_ACTION ITEM:_
Give every line of the records exactly, please, from the first up to and including the one containing "Autumn Tree of Life Stained Glass Suncatcher".
● ● ● ●
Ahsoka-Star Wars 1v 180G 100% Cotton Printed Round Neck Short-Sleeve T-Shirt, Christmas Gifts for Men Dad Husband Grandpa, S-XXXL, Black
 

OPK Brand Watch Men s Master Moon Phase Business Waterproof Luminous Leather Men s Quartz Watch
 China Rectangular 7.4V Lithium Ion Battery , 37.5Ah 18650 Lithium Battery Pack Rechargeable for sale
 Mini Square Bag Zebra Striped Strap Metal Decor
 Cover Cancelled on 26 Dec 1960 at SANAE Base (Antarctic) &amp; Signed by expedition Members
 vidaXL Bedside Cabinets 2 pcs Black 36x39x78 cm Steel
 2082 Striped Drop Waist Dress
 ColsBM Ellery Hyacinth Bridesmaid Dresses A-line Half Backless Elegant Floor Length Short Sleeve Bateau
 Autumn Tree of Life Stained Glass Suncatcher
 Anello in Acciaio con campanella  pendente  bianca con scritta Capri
● ● ● ●
_ANSWER TO THE EXERCISE:_
Ahsoka-Star Wars 1v 180G 100% Cotton Printed Round Neck Short-Sleeve T-Shirt, Christmas Gifts for Men Dad Husband Grandpa, S-XXXL, Black
 

OPK Brand Watch Men s Master Moon Phase Business Waterproof Luminous Leather Men s Quartz Watch
 China Rectangular 7.4V Lithium Ion Battery , 37.5Ah 18650 Lithium Battery Pack Rechargeable for sale
 Mini Square Bag Zebra Striped Strap Metal Decor
 Cover Cancelled on 26 Dec 1960 at SANAE Base (Antarctic) &amp; Signed by expedition Members
 vidaXL Bedside Cabinets 2 pcs Black 36x39x78 cm Steel
 2082 Striped Drop Waist Dress
 ColsBM Ellery Hyacinth Bridesmaid Dresses A-line Half Backless Elegant Floor Length Short Sleeve Bateau
 Autumn Tree of Life Stained Glass Suncatcher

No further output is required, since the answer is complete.